The store does not run reasoning on customer content. The Ragionex Memory API is a storage and retrieval layer. The reasoning that happens on top of retrieved memories happens in the customer's own LLM, on the customer's own prompt construction. There is no path inside the store where retrieved content gets fed back into a model that drives store-side behaviour, because the store has no model on the retrieval path. This eliminates a whole class of injection attacks that target memory systems with ingestion-time AI processing.

Zero runtime AI calls on the retrieval path means no injection surface at retrieval time. When the agent calls /v1/memory/search, the store performs a fast lookup and returns the matching records. There is no LLM in the loop on the way back to the agent. The injection vector that requires the retrieved content to talk to a model in order to do harm simply does not exist inside the memory API; the retrieved content only ever reaches the customer's own model, on the customer's own side of the trust boundary, where the customer's own defences apply.

This last property matters because most memory systems with sophisticated reranking or query rewriting put an LLM in the retrieval path. That LLM is a target. If you accept that memory is fundamentally retrieval, the simpler architecture - fast lookup, no model on the read path - is the more defensible one. The same property is what we argue for on the documentation side in why we don't call an LLM at query time: the model is a security surface, and keeping it off the read path is a defence-in-depth move, not a performance one.

Where the customer still has work to do

The memory API can do a lot, but it cannot do everything. The calling application still has to handle the trust boundary at the prompt-construction step. Specifically: when the agent retrieves memories and stitches them into a prompt, the memories need to be marked structurally as retrieved past notes rather than mixed in with the system prompt or the user's current instruction. The system prompt has to tell the model to treat content inside that section as descriptive, not directive. Frontier models are increasingly robust at this distinction when it is made explicit, and brittle at it when it is implicit.

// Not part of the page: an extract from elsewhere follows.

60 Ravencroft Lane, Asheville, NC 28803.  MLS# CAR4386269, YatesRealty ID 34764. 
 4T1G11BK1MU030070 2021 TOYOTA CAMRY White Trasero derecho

Beyond the prompt structure, the application has to decide what gets written into memory in the first place. Auto-ingesting tool output, web pages, or pasted user content into memory without a review step is the most common way the attacks succeed. A short manual review step before content becomes a permanent memory eliminates the largest class of attacks at the cost of a small UX friction. For high-stakes deployments, the trade is worth it. For low-stakes deployments, the threat model needs to be explicit about what the application is willing to ingest.

The honest summary

Persistent memory is a real engineering primitive and a real security primitive simultaneously. The benefits are large and the trade is genuine. The teams that ship memory-backed agents responsibly in 2026 will be the ones that take the second half of that sentence as seriously as the first. The architectural moves are not exotic - per-user scoping, data-not-instructions, no model on the retrieval path, editable and auditable storage, careful prompt construction on the calling side - but they have to be made deliberately. Tacking them on after a security incident is significantly more expensive than building them in.

If you are evaluating a memory product, ask the vendor each item on the checklist above and read their answer carefully. The right answers are short and structural. The wrong answers are long and policy-shaped. The architectural decision about where memory lives determines most of what is possible to defend, and the time to make that decision is before the first piece of customer content lands in the store.

Persistent memory is a persistent attack surface.